Bergman está sempre se abstendo da necessidade de explicação dos fatos. E esta talvez seja a marca registrada do diretor, que utiliza a arte como forma de exposição emocional; por vezes suas criações são instigantes, por outras nem tanto. O que ocorre em ‘’Luz de Inverno’’ é um profundo estudo acerca do credo humano. À primeira vista, um expectador convicto já se familiariza com o tema abordado; pois a cena inicial sintetiza um culto religioso com dizeres bastante conhecidos em textos religiosos. Mas Bergman não se priva de debater o lado oposto da moeda; e este acaba sendo o próprio miolo do filme. Põe em cena alguns idealismos ateístas e julga: por que não seriam verídicos?
A busca por uma força maior se iguala ao amor. No momento em que as experiências amorosas são friamente esmiuçadas pela morte, nos resta descrer aquilo que previamente louvávamos cegamente. Por que aquilo em que botávamos todas as fichas era exatamente isto: em um criador capaz de zelar por todos e dilacerar todos os sentimentos negativos. No momento em que este princípio é quebrado, toda a confiança arquitetada em nossas mentes torna-se inverossímil. Não nos resta mais dar sentido à algo que nos vem à tona da forma mais atroz. A partir daí, toda a ação ritualística passa a ser comandada no ‘’piloto automático’’; ou seja, faz-se aquilo sem uma convicção completa.
Temos Jonas, um personagem preocupado com a possibilidade do lançamento de uma bomba atômica. Tal acontecimento seria um desastre humanitário sem precedentes; tendo esta catástrofe em vista, Jonas toma a atitude mais inevitável caso este pesadelo se tornasse realidade. É Bergman nos dando uma visão de um mundo descrente; que já não possui mais a sensibilidade criativa para desenhar uma força religiosa; que, possivelmente, poderia ser a salvação de Jonas. Mas a realidade torna-se tão concreta que chega a ser impossível imaginar uma luz milagrosa no fim do túnel. Pelo menos na visão de Jonas.

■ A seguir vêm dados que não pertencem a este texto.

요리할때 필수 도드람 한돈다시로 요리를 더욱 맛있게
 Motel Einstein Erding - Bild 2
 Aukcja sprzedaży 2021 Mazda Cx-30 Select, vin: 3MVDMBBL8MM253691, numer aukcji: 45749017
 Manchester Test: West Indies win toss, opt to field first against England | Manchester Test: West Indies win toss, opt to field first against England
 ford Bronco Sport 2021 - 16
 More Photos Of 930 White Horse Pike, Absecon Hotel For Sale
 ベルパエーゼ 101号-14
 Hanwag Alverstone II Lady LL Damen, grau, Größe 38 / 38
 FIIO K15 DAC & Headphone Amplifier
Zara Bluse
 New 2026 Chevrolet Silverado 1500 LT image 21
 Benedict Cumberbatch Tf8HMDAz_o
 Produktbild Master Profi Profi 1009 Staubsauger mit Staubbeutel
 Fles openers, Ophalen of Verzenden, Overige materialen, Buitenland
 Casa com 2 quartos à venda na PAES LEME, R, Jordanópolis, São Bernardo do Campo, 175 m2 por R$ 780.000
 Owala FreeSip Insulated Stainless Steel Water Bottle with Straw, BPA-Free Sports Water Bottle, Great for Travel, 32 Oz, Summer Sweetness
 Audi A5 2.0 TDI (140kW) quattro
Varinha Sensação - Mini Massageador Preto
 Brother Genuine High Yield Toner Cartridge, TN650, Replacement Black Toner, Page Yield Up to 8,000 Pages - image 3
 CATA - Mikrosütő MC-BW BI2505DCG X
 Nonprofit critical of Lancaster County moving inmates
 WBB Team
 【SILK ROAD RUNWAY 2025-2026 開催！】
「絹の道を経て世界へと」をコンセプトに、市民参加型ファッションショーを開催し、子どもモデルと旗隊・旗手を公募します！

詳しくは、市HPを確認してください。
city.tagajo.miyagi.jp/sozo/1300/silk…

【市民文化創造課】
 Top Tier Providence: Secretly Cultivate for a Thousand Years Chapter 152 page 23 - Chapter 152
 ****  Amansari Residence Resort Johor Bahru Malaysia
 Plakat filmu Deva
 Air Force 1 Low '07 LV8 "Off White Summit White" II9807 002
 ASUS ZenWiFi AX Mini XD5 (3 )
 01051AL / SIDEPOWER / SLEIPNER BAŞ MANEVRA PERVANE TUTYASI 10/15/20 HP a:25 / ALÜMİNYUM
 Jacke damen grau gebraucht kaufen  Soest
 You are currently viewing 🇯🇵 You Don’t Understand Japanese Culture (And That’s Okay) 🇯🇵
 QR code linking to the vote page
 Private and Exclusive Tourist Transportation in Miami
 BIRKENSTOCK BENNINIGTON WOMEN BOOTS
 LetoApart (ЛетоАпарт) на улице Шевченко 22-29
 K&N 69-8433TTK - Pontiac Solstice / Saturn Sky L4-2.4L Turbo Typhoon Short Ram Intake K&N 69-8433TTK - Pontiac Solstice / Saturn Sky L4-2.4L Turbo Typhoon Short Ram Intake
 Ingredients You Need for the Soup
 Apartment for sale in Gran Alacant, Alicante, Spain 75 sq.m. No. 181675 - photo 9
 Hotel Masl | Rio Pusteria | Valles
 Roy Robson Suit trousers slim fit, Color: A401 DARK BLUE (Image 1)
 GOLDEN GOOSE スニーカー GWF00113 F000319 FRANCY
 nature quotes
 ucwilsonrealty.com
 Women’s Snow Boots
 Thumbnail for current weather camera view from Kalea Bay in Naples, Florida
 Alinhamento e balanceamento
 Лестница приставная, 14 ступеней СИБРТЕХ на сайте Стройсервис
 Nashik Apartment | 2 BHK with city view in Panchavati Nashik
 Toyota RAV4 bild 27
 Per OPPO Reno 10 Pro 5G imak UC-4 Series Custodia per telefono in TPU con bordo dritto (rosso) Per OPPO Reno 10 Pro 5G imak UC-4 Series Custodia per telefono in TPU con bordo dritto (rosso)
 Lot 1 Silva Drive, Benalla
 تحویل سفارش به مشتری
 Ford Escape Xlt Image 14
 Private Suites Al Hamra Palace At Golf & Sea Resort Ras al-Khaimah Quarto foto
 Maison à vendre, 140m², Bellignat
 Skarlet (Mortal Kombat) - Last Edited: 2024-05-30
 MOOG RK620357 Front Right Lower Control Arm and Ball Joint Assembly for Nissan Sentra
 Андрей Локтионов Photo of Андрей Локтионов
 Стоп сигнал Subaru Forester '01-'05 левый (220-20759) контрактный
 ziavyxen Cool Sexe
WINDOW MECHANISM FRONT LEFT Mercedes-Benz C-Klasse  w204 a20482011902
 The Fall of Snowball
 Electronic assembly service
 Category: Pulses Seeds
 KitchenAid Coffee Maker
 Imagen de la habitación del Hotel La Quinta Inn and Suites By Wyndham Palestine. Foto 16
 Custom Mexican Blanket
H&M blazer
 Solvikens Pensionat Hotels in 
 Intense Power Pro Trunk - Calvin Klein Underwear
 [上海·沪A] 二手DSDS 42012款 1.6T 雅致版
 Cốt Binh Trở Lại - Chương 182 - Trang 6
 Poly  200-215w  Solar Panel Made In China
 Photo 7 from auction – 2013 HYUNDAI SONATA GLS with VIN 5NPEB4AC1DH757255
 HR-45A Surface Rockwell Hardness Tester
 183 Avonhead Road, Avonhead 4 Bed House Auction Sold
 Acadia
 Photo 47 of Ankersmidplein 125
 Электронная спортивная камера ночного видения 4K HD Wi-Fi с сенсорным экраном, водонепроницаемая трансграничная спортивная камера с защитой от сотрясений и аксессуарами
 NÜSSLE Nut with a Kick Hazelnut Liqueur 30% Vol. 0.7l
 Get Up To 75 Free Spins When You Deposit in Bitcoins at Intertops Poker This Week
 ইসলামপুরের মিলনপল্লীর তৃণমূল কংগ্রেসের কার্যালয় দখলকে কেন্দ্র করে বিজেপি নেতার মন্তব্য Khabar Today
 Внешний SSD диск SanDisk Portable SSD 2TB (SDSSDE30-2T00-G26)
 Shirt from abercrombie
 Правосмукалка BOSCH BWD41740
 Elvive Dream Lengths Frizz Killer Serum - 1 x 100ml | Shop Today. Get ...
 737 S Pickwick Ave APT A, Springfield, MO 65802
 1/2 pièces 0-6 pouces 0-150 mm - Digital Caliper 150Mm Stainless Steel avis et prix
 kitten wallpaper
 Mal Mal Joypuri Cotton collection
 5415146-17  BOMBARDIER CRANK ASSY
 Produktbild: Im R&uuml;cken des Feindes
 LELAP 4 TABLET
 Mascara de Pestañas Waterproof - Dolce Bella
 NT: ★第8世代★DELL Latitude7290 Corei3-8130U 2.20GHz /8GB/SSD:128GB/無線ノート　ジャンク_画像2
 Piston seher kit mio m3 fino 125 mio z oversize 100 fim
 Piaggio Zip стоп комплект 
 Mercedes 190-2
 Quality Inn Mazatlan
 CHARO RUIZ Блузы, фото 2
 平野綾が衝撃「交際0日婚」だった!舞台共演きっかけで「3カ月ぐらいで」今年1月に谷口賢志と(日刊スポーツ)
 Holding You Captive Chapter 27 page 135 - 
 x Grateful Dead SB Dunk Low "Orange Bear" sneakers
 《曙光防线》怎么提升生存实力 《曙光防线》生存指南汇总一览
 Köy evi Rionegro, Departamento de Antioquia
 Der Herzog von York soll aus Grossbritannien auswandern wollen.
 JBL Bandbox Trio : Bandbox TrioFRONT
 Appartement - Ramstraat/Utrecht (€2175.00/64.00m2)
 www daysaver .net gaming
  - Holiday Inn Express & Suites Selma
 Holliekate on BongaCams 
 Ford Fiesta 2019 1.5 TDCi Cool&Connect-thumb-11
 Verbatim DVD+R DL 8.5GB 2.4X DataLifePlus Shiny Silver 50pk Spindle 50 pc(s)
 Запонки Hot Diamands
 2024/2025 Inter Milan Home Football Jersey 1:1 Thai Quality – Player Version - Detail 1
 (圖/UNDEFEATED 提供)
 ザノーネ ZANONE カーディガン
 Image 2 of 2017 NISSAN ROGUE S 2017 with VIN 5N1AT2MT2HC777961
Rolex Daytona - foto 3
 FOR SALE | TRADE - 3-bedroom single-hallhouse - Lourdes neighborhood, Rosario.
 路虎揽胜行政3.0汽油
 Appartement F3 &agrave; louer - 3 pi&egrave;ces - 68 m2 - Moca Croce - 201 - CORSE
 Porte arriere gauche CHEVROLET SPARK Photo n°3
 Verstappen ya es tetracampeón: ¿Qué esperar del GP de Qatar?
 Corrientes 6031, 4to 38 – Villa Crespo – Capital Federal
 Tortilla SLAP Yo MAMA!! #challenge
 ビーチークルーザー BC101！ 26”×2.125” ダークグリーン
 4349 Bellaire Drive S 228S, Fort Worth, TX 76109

Impossível não ressaltar a fascinação de Bergman pela fé; visto que este exemplar faz parte da chamada ‘’trilogia do silêncio’’. Além de ‘’Luz de Inverno’’, a trilogia é fechada com ‘’Através de um Espelho’’ e ‘’O Silêncio’’. O maior trunfo do mestre sueco é nunca parecer tendencioso à favor de uma religião específica. Ele trata o tema com uma universalidade impressionante; sempre dando maior ênfase às argumentações dos personagens e se livrando de cacoetes moralistas. Em certo momento, Bergman denuncia um pensamento egoísta do clero; mostrando seus membros convencidos de que possuem privilégio da ajuda divina por pregarem as supostas ‘’leis do Senhor’’.
Percebem-se diálogos comandados magistralmente ao longo da projeção. Estes são uma bem-vinda ajuda na hora de pôr em prática as teorias de Bergman. E é, sem sombra de dúvidas, o maior feito do filme; pois as argumentações são fundamentadas através de um roteiro escrito meticulosamente; e as ideias realçadas pela visível entrega do elenco em cenas de difícil interpretação. Realmente é preciso uma enorme presença em cena para que tudo o que o diretor tinha em mente fosse posto em prática; aliada à um poderio de expressões faciais que demonstram a carga emotiva que cada plano necessita. Tudo isso dá certo em ‘’Luz de Inverno’’, para a felicidade do espectador.
Meu favorito da trilogia do Silêncio. Filmaço.